Oil demand is set to jump by half a million barrels per day (bpd) as the power sector and heavy industries switch from other more expensive sources of energy, the International Energy Agency (IEA) said on Thursday.
The Paris-based agency, which advises governments on energy policy, said it now expects global oil demand for this year and 2022 to be higher than in its previous forecast. However, the major oil producers said Opec+ have done a remarkable job to stabilise the market in the wake of Covid-19 pandemic.
“Global oil demand is now forecast to rise to pre-pandemic levels to 96.3 million barrels per day this year, up by 5.5 million from its previous report. It will increase by 3.3 million bpd next year,” the IEA said in its monthly review of the oil market.
Oil prices rose by about one per cent on Thursday after the IEA report forecasting higher demand in coming months. Brent crude futures gained 87 cents, or 1.1 per cent, to $84.05 a barrel by 1010GMT after falling 0.3 per cent on Wednesday. US West Texas Intermediate (WTI) crude futures climbed 77 cents, or one per cent, to $81.21, more than recouping the previous day’s 0.3 per cent decline.
Spare production to shrink
The IEA said world oil supply is expected to rise sharply in October as US output recovers from the fallout of Hurricane Ida, which severely disrupted operations in the Gulf Coast in late August. It made upward revisions to its demand forecasts for this year and 2022, increasing them by 170,000bpd and 210,000bpd, respectively.
The IEA further estimated that producer group Opec+ is set to pump 700,000bpd below the estimated demand for its crude in the fourth quarter of this year, meaning demand will outpace supply at least until the end of 2021. It warned that spare production capacity from the group will shrink sharply from nine million bpd in the first quarter of this year to only four million bpd in the second quarter of 2022.

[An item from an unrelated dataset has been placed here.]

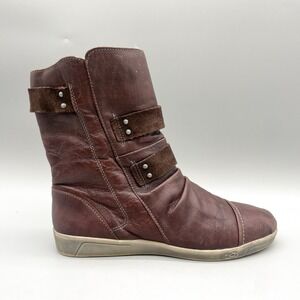 Cloud Footwear Womens 39 Arlo Boots Burgundy Leather Faux Fur Lined Winter Boho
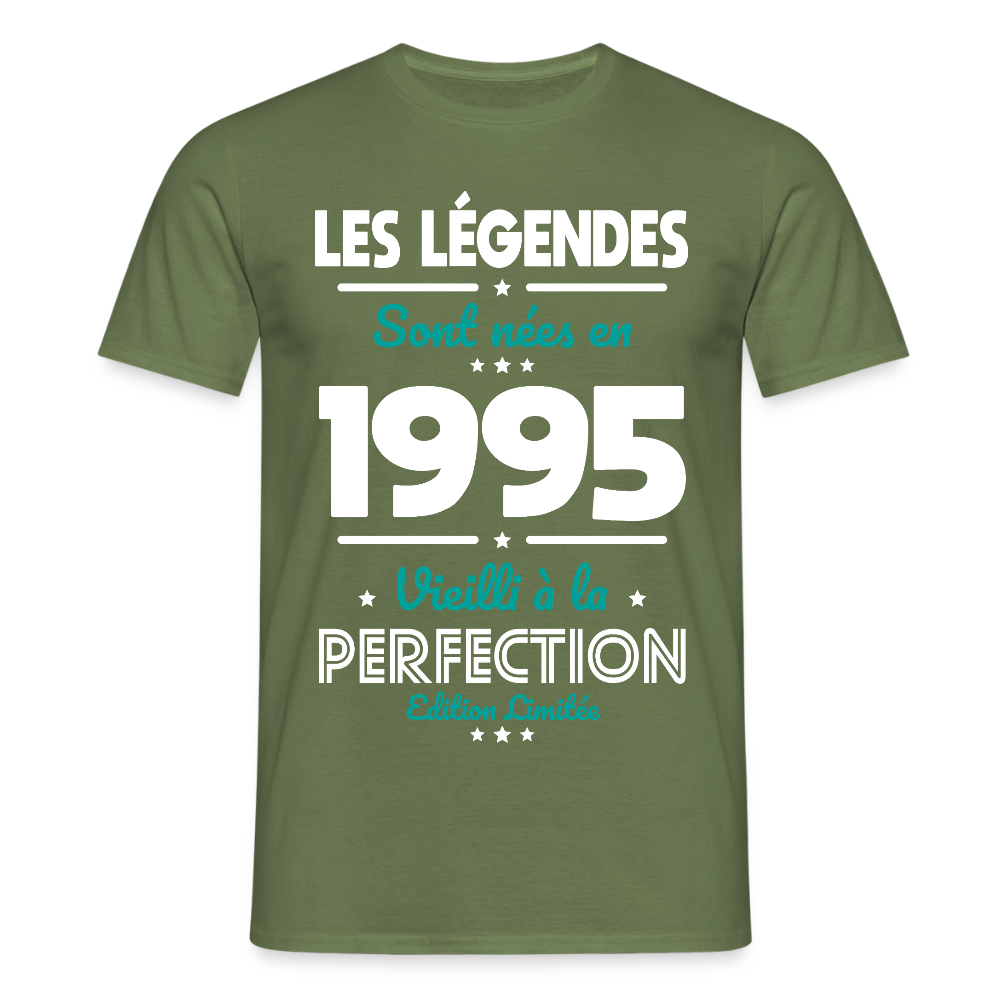 T-shirt Homme - Anniversaire 30 Ans - Les Légendes sont nées en 1995 - vert militaire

“Oil prices are scaling multi-year highs as a shortage of natural gas, LNG and coal boosts demand for oil, which could keep the market in deficit through at least the end of the year,” the IEA said.
Investment in oil industry
Suhail bin Mohammed Faraj Faris Al Mazrouei, UAE Minister of Energy and Infrastructure, said the global oil market is at risk of the sort of volatility the gas market is currently witnessing unless proper investment is made.
Asked whether the major oil producers would be ready to increase its production to cool rising oil prices, the minister said that Opec+ producers have the capacity to do so but do not want to overdo it.
“The UAE had spare oil production capacity, but it is important to maintain balance in the market as demand for energy and especially natural gas is peaking,” Al Mazrouei said on the sidelines of an energy in Moscow forum on Thursday.
Market uncertainty to continue
Opec secretary-general Mohammad Barkindo said the oil market continues to face uncertainties stemming from the Covid-19 pandemic.
Regarding how Covid-19 is creating uncertainty Barkindo pointed to “responses by the governments as the various variants, mutations emerge and how the world is able to upscale the vaccination rates in particular in developing countries”.
“The market is taking its course in accordance with supply and demand fundamentals. But we must admit there are external factors that are influencing the evolution of the market,” he said.
Russian deputy prime minister Alexander Novak said the global oil market is expected to recover fully by the end of next year.
Speaking at a panel with the energy ministers from Saudi Arabia and the UAE, as well as Mohammad Barkindo, Novak said that current oil prices reflect the current market situation with no volatility expected.
Opec+ sticks to its agreement
Saudi energy minister Prince Abdulaziz bin Salman said the Opec+ group of oil producing nations stuck to its previous agreement on raising output last week as it wants to gradually reduce excess oil production capacity left after the pandemic.
He dismissed calls for speedier oil output increases, saying its efforts with allies were enough and protecting the oil market from the wild price swings seen in natural gas and coal markets.
“We want to make sure that we reduce those excess capacities that we have developed as a result of Covid. We want to do it in a gradual, phased-in approach and we believe that we will have a challenging year in 2022,” the minister told the Moscow forum.
He said Opec+ would be adding 400,000 barrels per day (bpd) in November, and then again in the following months. He said OECD oil inventories were on track to normalise at the end of this year, 2022 was looking “a bit of a challenging year”.
“What we see in the oil market today is an incremental (price) increase of 29 per cent, vis-a-vis 500 per cent increases in (natural) gas prices, 300 per cent increases in coal prices, 200 per cent increases in NGLs (natural gas liquids). Gas markets, coal markets, other sources of energy need a regulator,” Prince Abdulaziz said.